Australia plans to pass a law within weeks to give the government power to strip citizenship from dual nationals who are suspected terrorists even if they are not convicted of a crime, the prime minister said Tuesday.
More than 100 Australians are suspected to be fighting with the Islamic State movement and other terrorist groups in Syria and Iraq. Up to 50 percent of those fighters were estimated to be dual citizens, Prime Minister Tony Abbott said.
The amendments to the Citizenship Act would allow Islamic State supporters both overseas and at home to be treated the same as Australians who join foreign armies at war against Australia, Abbott said.
The Immigration Minister Peter Dutton would have the discretion to revoke Australian citizenship from dual nationals suspected of terrorism, even if they had been not been convicted of any offense, Abbott said. The decision would be subject to judicial appeal.
“There should be no difference in how we treat Australians who join a hostile army and those engaged in terrorism - both are betraying our country and don't deserve to be citizens of Australia,” Abbott said in a statement.
The amendment would bring Australian citizenship laws closer to those the United States, Canada, France and Britain, he said. No one was to be left stateless by losing their Australian citizenship.

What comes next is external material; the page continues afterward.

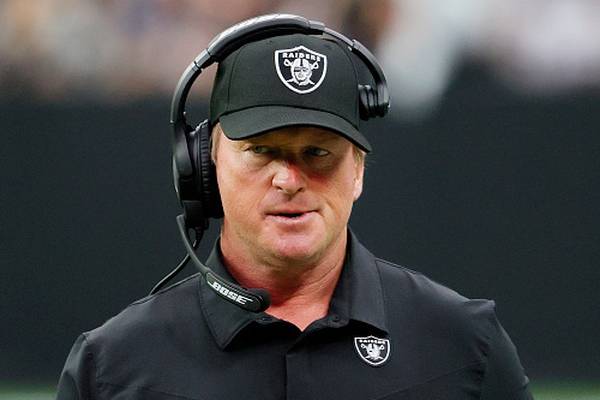 Las Vegas Raiders coach Jon Gruden resigns after email controversy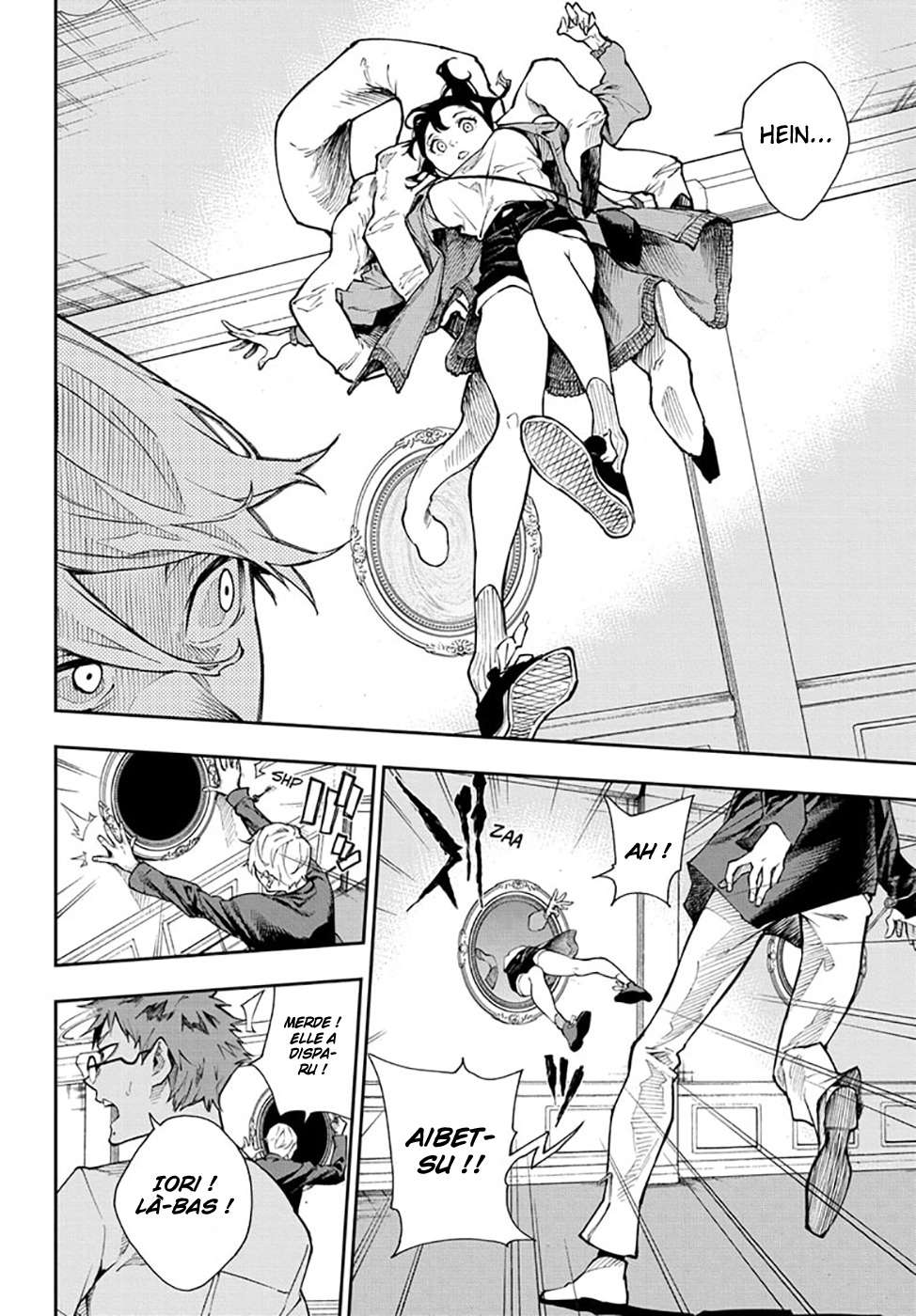 Read Honomieru Shonen FR Manga Online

Foreign Minister Julie Bishop told Parliament that a 26-year-old Australian woman whom newspapers reported on Tuesday had abandoned her two children, aged 5 and 7, in Sydney this month to go to Syria and join the Islamic State movement was not an isolated case. There are an estimated 30 to 40 Australian women engaged with or supporting terrorists in the two countries, she said.

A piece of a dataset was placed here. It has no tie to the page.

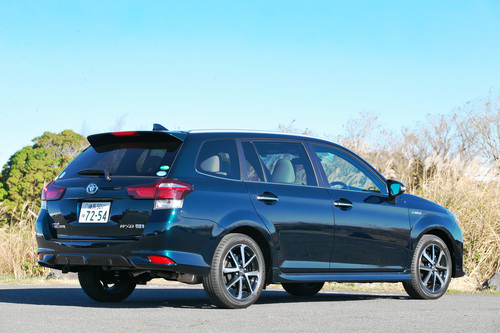 「トヨタカローラツーリング/カローラフィールダー」選びやすいのはフィールダーだが、ツーリングの流通数も増加傾向7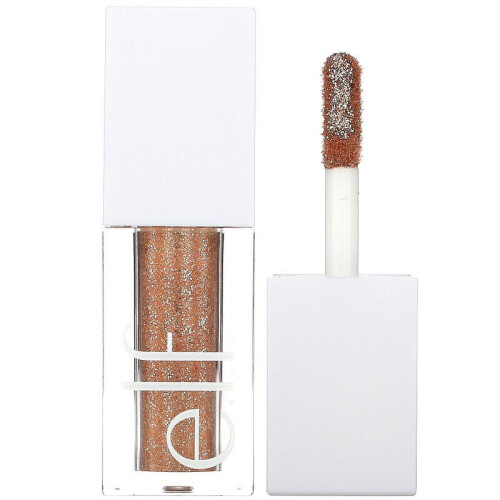 e.l.f. E.L.F., Liquid Glitter Eyeshadow, Flirty Birdy, 0.1 fl oz (3 ml)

“I'm deeply pessimistic about the fate of this apparently troubled young woman, but I'm thankful she left her children in the safety of Australia and didn't put them in mortal danger as others have done,” Bishop told Parliament.
“It's simply incomprehensible that while streams of innocent young women and girls are desperately trying to get away from Daesh, young Australian women and girls are seeking to join them,” she added, referring to the Islamic State movement.
The government plans to spend 40 million Australian dollars ($31 million) on new intervention programs and community initiatives to prevent young Australians from leaving the country to join terror groups, she said.